Who needs muscles when you have brains?
Have you ever tried not to hear or read anything about AI for a day? In today’s world, that’s nearly impossible. Artificial intelligence (AI) has become ubiquitous, with edge AI playing a central role in embedded computing.
Edge AI refers to the execution of AI algorithms directly at the data source, such as in a device or machine, rather than in a remote data center. This approach offers clear advantages: lower latencies and enhanced information security through local data processing. While AI is often associated with large server farms, it’s crucial to distinguish between training models and applying them through inference.
Not all AI is the same: the difference between training and inference
Training an AI involves creating and refining models using large datasets. This process is computationally intensive and requires powerful hardware, often entire data centers. This is where inference comes into play. In AI, inference refers to the process of using a trained model to make predictions or decisions based on new, previously unknown data. During training on a large dataset, the model learns to recognize patterns and convert inputs into specific outputs. Once trained, the model can draw conclusions from new data, often using significantly less powerful hardware. This makes inference suitable for low-power platforms such as SMARC modules.
OpenVINO™ and the importance of INT8
Intel’s OpenVINO toolkit enhances inference efficiency. OpenVINO, which stands for “Open Visual Inference and Neural Network Optimization”, is a suite of tools for optimizing and deploying deep learning models on Intel hardware. It enables developers to use pre-trained models, customize them for specific applications, and optimize these models to significantly boost inference performance.
When working with OpenVINO, developers will sooner or later encounter various data types, as the toolkit supports multiple formats. Two examples are INT8 and FP32, which differ in accuracy and memory requirements.
Data Type | Accuracy range | Memory requirements (Byte) |
INT8 | -128 to 127 | 1 |
FP32 | -3.4x1038 to 3.4x1038 | 4 |
Why INT8 is so important
INT8 is particularly noteworthy for providing an optimal balance between computational efficiency and accuracy. Using INT8 reduces memory requirements and accelerates inference, which is especially advantageous on low-power platforms like SMARC modules. Tests have demonstrated that INT8 quantization can deliver significantly higher inference performance without substantially compromising accuracy. Intel has published test results supporting this claim. Despite dating back to 2021, they underscore the relevance of Int8 for edge AI applications today.
The new Intel Atom® x7000RE Series processors natively support INT8, making them significantly more powerful than the previous x6000RE Series. Intel’s claim of up to 9.83 times better image classification performance highlights the substantial impact of this improvement.
Source: https://www.intel.com/content/www/us/en/products/details/embedded-processors/atom/atomx7000re.html
This native support of INT8 enables optimal use of quantized models, resulting in faster, more efficient inference. It opens up a wide range of applications in various industrial sectors:
-
- Industrial automation: Improved control and monitoring on production lines.
- Motion control: More accurate and faster control of machines and devices.
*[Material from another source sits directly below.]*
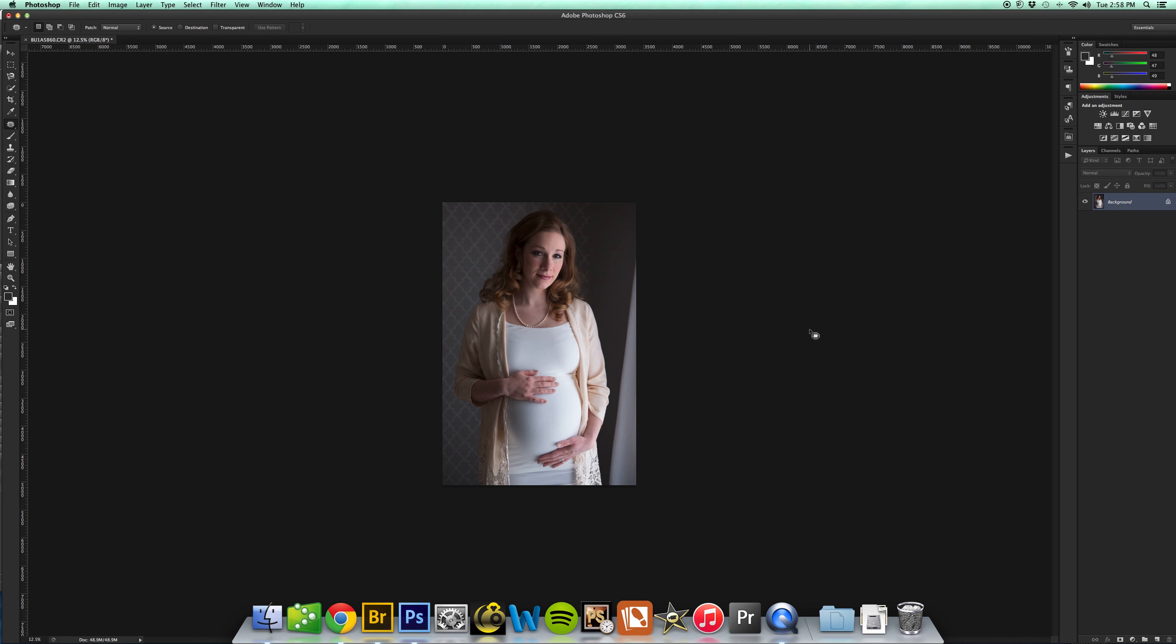Hey guys, this is Kayla with Kayla Rath Photography. Today I'm going to teach you how to use Portraiture.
- Autonomous vehicles and robots: Efficient real-time navigation and decision-making.
- Medical equipment: Increased accuracy and reliability in patient monitoring and laboratory testing.
- Transport management: Optimization of fleet management and traffic monitoring in road and rail systems.
If you are already using SMARC modules, you can easily upgrade to the new x7000RE versions thanks to the module concept.